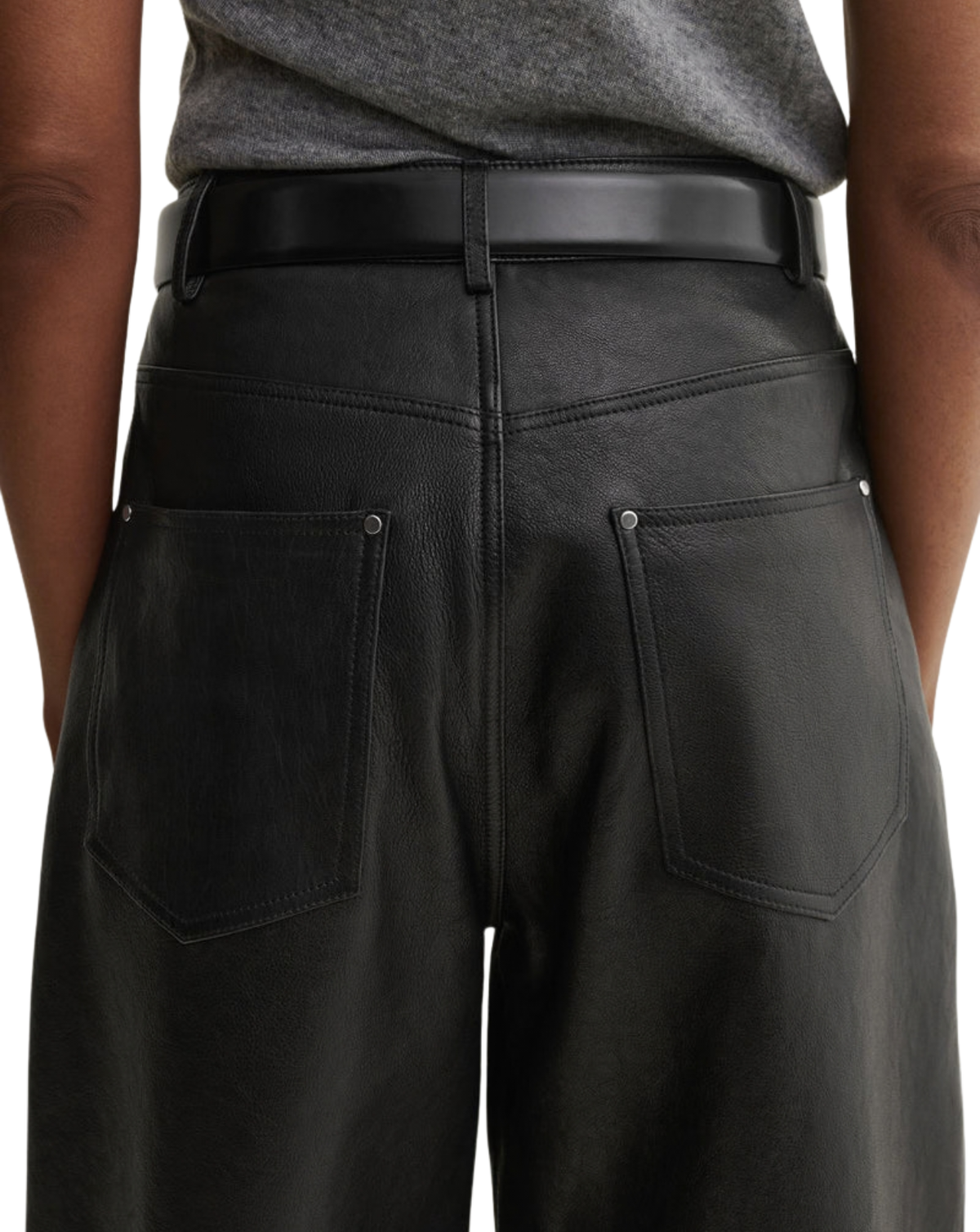 Close-up back view of a person wearing black wide-leg leather pants with a black belt, a gray top, and dark skin visible on both sides.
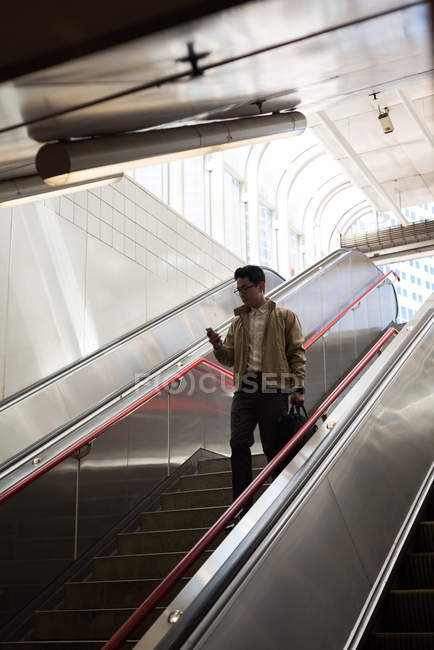 Человек, использующий мобильный телефон во время переезда вниз на вокзале — стоковое фото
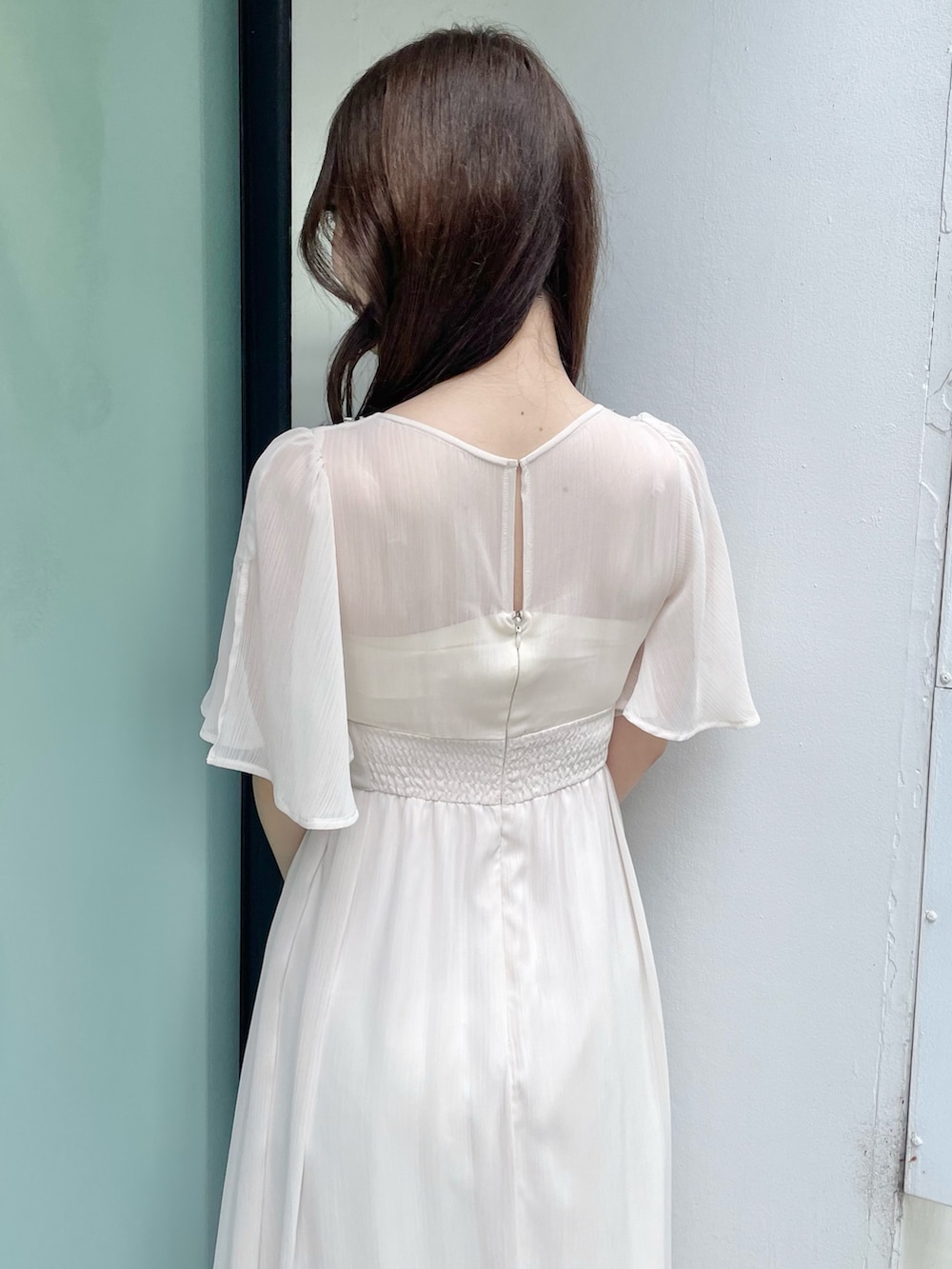 ホワイト系のワンピース、シルバー系のハンドバッグ、シルバー系のサンダルを着用したレディースの夏コーディネートの7枚目の写真
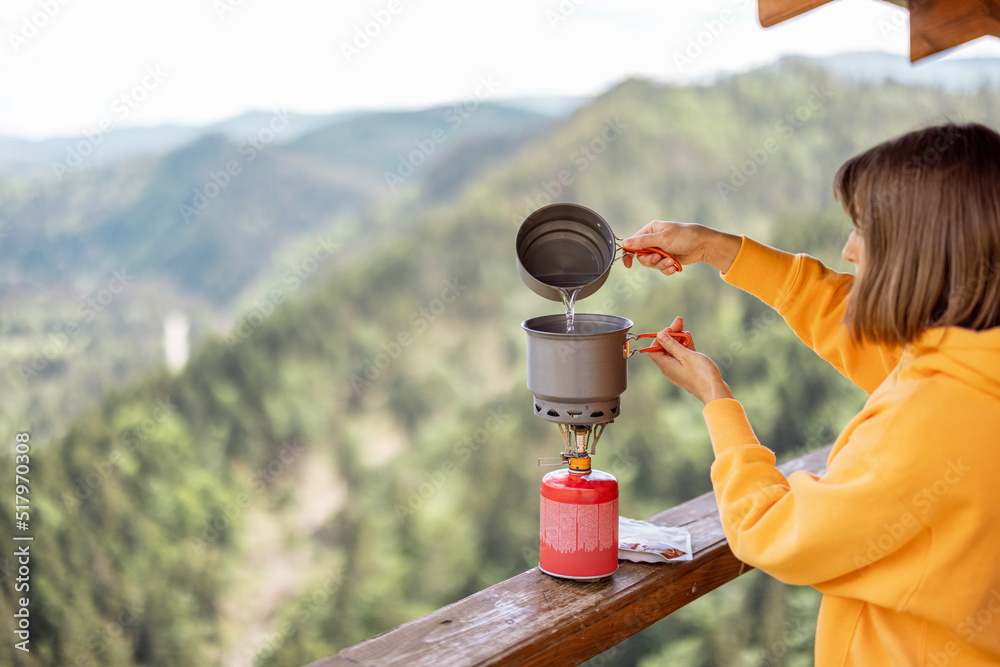 Young woman prepares food in special dishware for hiking and portable gas burner, while traveling in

## Aim of the task
Counting the line with "ホワイト系のワンピース、シル" and the last line of the data above, transcribe those two lines and every line between them exactly, without the pictures.

## Written solution
 ホワイト系のワンピース、シルバー系のハンドバッグ、シルバー系のサンダルを着用したレディースの夏コーディネートの7枚目の写真
 Young woman prepares food in special dishware for hiking and portable gas burner, while traveling in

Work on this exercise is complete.